I'm happy for everybody involved. Bucks get to save some money, and give Jennings more PT. Wolves now have a great PG rotation, with the rights to another top notch PG. Sessions is a good option until Flynn is completely ready, and he'll be a great guy off the bench when Flynn does take over. Not to mention he'll be pretty decent trade bait around that time.


----------



## HB

4 years....hmmmm guess they dont have plans for Rubio after all.


----------



## roux

HB said:


> 4 years....hmmmm guess they dont have plans for Rubio after all.


Sessions is better than Rubio anyways, and if Sessions pans out like i think he can Rubio becomes a huge trade chip, I think this a great move for the Wolves.


----------



## Dissonance

HB said:


> 4 years....hmmmm guess they dont have plans for Rubio after all.

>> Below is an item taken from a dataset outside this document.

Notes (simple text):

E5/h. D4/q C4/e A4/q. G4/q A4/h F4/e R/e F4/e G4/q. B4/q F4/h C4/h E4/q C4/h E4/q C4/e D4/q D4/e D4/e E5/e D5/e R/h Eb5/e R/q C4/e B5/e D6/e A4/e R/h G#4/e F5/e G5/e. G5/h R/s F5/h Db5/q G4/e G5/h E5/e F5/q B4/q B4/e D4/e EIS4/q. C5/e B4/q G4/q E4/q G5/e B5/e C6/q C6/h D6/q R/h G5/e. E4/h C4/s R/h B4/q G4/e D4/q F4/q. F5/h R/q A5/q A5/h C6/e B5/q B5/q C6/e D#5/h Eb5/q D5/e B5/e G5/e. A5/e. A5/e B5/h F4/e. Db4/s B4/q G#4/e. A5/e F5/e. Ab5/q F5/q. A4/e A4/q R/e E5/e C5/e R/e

Well, the 4th yr has a player option. But I think regardless they'll end up trading Rubio's rights eventually anyway.


----------



## gi0rdun

Wolves have to learn that having a thousand point guards doesn't do anything.


----------



## HB

What other point guard besides Flynn and Sessions do they have on their roster?


----------



## Zuca

HB said:


> What other point guard besides Flynn and Sessions do they have on their roster?


Chucky Atkins and Bobby Brown


----------



## Luke

roux2dope said:


> Sessions is better than Rubio anyways, and if Sessions pans out like i think he can Rubio becomes a huge trade chip, I think this a great move for the Wolves.

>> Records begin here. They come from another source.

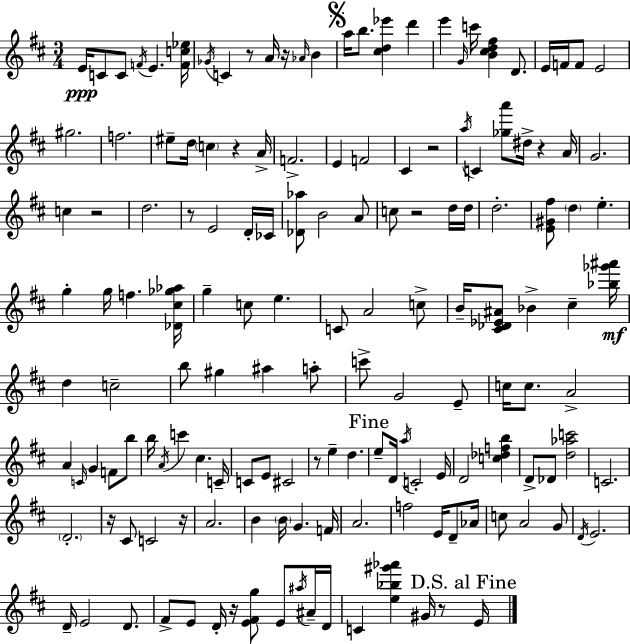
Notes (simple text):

E4/s C4/e C4/e F4/s E4/q. [F4,C5,Eb5]/s Gb4/s C4/q R/e A4/s R/s Ab4/s B4/q A5/s B5/e. [C#5,D5,Eb6]/q D6/q E6/q G4/s C6/s [B4,C#5,D5,F#5]/q D4/e. E4/s F4/s F4/e E4/h G#5/h. F5/h. EIS5/e D5/s C5/q R/q A4/s F4/h. E4/q F4/h C#4/q R/h A5/s C4/q [Gb5,A6]/e D#5/s R/q A4/s G4/h. C5/q R/h D5/h. R/e E4/h D4/s CES4/s [Db4,Ab5]/e B4/h A4/e C5/e R/h D5/s D5/s D5/h. [E4,G#4,F#5]/e D5/q E5/q. G5/q G5/s F5/q. [Db4,C#5,Gb5,Ab5]/s G5/q C5/e E5/q. C4/e A4/h C5/e B4/s [C#4,Db4,Eb4,A#4]/e Bb4/q C#5/q [Bb5,Gb6,A#6]/s D5/q C5/h B5/e G#5/q A#5/q A5/e C6/e G4/h E4/e C5/s C5/e. A4/h A4/q C4/s G4/q F4/e B5/e B5/s A4/s C6/q C#5/q. C4/s C4/e E4/e C#4/h R/e E5/q D5/q. E5/e D4/s A5/s C4/h E4/s D4/h [C5,Db5,F5,B5]/q D4/e Db4/e [D5,Ab5,C6]/h C4/h. D4/h. R/s C#4/e C4/h R/s A4/h. B4/q B4/s G4/q. F4/s A4/h. F5/h E4/s D4/e Ab4/s C5/e A4/h G4/e D4/s E4/h. D4/s E4/h D4/e. F#4/e E4/e D4/s R/s [E4,F#4,G5]/e E4/e A#5/s A#4/s D4/s C4/q [E5,Bb5,G#6,Ab6]/q G#4/s R/e E4/s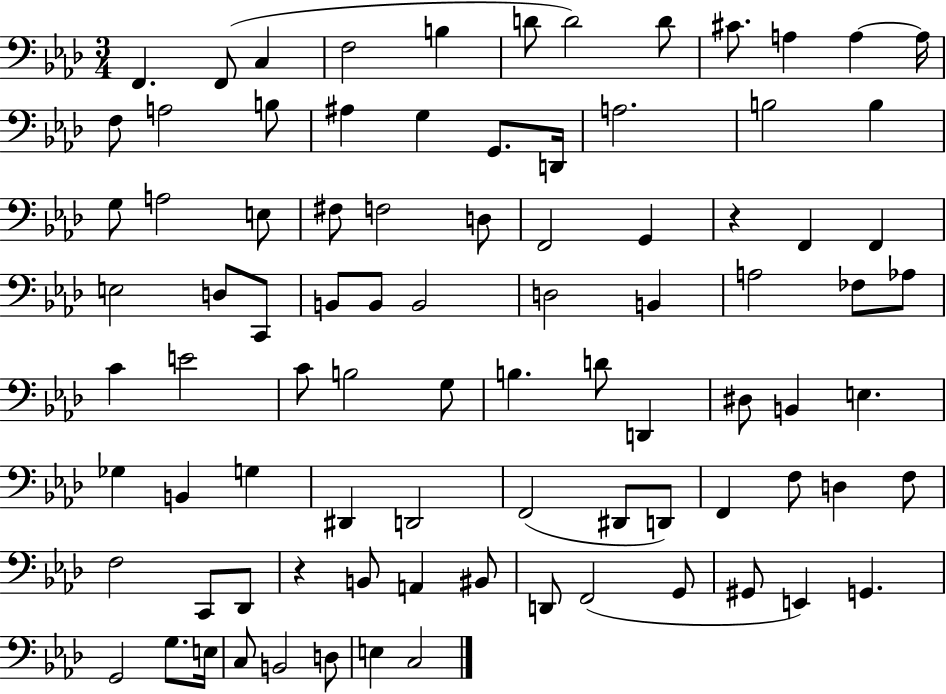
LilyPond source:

{
  \clef bass
  \numericTimeSignature
  \time 3/4
  \key aes \major
  f,4. f,8( c4 | f2 b4 | d'8 d'2) d'8 | cis'8. a4 a4~~ a16 | \break f8 a2 b8 | ais4 g4 g,8. d,16 | a2. | b2 b4 | \break g8 a2 e8 | fis8 f2 d8 | f,2 g,4 | r4 f,4 f,4 | \break e2 d8 c,8 | b,8 b,8 b,2 | d2 b,4 | a2 fes8 aes8 | \break c'4 e'2 | c'8 b2 g8 | b4. d'8 d,4 | dis8 b,4 e4. | \break ges4 b,4 g4 | dis,4 d,2 | f,2( dis,8 d,8) | f,4 f8 d4 f8 | \break f2 c,8 des,8 | r4 b,8 a,4 bis,8 | d,8 f,2( g,8 | gis,8 e,4) g,4. | \break g,2 g8. e16 | c8 b,2 d8 | e4 c2 | \bar "|."
}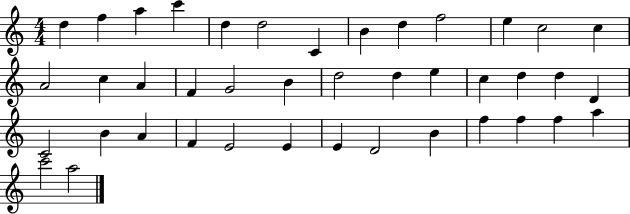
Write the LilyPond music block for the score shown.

{
  \clef treble
  \numericTimeSignature
  \time 4/4
  \key c \major
  d''4 f''4 a''4 c'''4 | d''4 d''2 c'4 | b'4 d''4 f''2 | e''4 c''2 c''4 | \break a'2 c''4 a'4 | f'4 g'2 b'4 | d''2 d''4 e''4 | c''4 d''4 d''4 d'4 | \break c'2 b'4 a'4 | f'4 e'2 e'4 | e'4 d'2 b'4 | f''4 f''4 f''4 a''4 | \break c'''2 a''2 | \bar "|."
}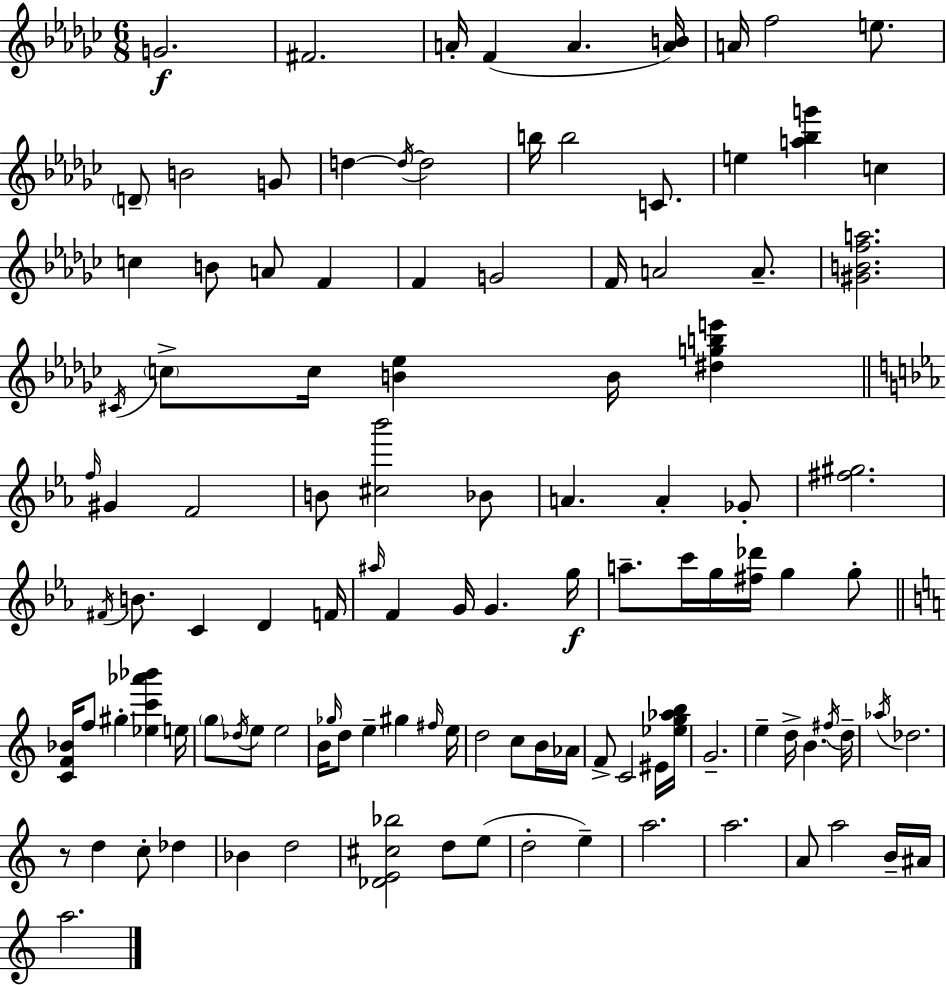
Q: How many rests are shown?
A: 1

How do you feel about this trade from a Bucks fan's perspective?


----------



## HB

Zuca said:


> Chucky Atkins and Bobby Brown


Those guys arent even bench quality players talk less starting quality material.


----------



## Zuca

HB said:


> Those guys arent even bench quality players talk less starting quality material.

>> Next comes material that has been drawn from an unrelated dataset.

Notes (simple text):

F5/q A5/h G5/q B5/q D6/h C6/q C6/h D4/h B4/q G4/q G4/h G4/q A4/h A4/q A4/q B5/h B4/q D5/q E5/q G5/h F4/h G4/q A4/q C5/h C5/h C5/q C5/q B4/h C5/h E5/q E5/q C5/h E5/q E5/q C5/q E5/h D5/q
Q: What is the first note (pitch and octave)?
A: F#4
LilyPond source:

They're fine as third and fourth-string PG's, but I've posted them because that was the giordun point, there's no need to have so much PG's in a roster (if Rubio had come, it would've been 5 PG's). But you're right, Flynn and Sessions would play the major minutes and the others would just play in garbage minutes and if some injury happen.


----------



## roux

VanillaPrice said:


> How do you feel about this trade from a Bucks fan's perspective?


I dont understand what you mean since the Bucks didnt get squat yet again


----------



## Luke

roux2dope said:


> I dont understand what you mean since the Bucks didnt get squat yet again


I meant to say how do you feel about Ramon leaving, sorry.


----------



## WillFlight!

I am not sure that I would start Sessions over Flynn. This team is a young and improving and I can see Flynn being teh point guard in Minny for a long, long time!


----------



## roux

VanillaPrice said:


> I meant to say how do you feel about Ramon leaving, sorry.


My reaction of we didnt get squat should sum it up pretty well... but honestly I really like Jennings alot and as much as i think Ramon is a solid NBA PG he wasnt going to bring the bucks to the next level, BJ kinda gives me a little hope since he is the unkown right now. The worst part of this is, is seeing Sessions make 4 million next year while we are paying ridnour close to 7 to suck out loud


----------



## moss_is_1

Great deal, nice starter or backup point guard. Gives us a nice 1-2 punch at pg, and when Rubio comes over we can use one of the 3 as trade bait. Sessions and Flynn could play together a little bit as well.


----------



## roux

http://www.jsonline.com/blogs/sports/59050727.html

Its official, Bucks decline to match


----------



## Damian Necronamous

Really interesting move by Minnesota. Sessions should be a good bargain at a price like that.

Their depth chart should be pretty interesting because they do have a good amount of young talent.

PG: Jonny Flynn...Antonio Daniels...Chucky Atkins
SG: Ramon Sessions...Wayne Ellington
SF: Corey Brewer...Ryan Gomes...Damien Wilkins
PF: Kevin Love...Mark Blount...Brian Cardinal
C: Al Jefferson...Ryan Hollins...Oleksiy Pecherov


----------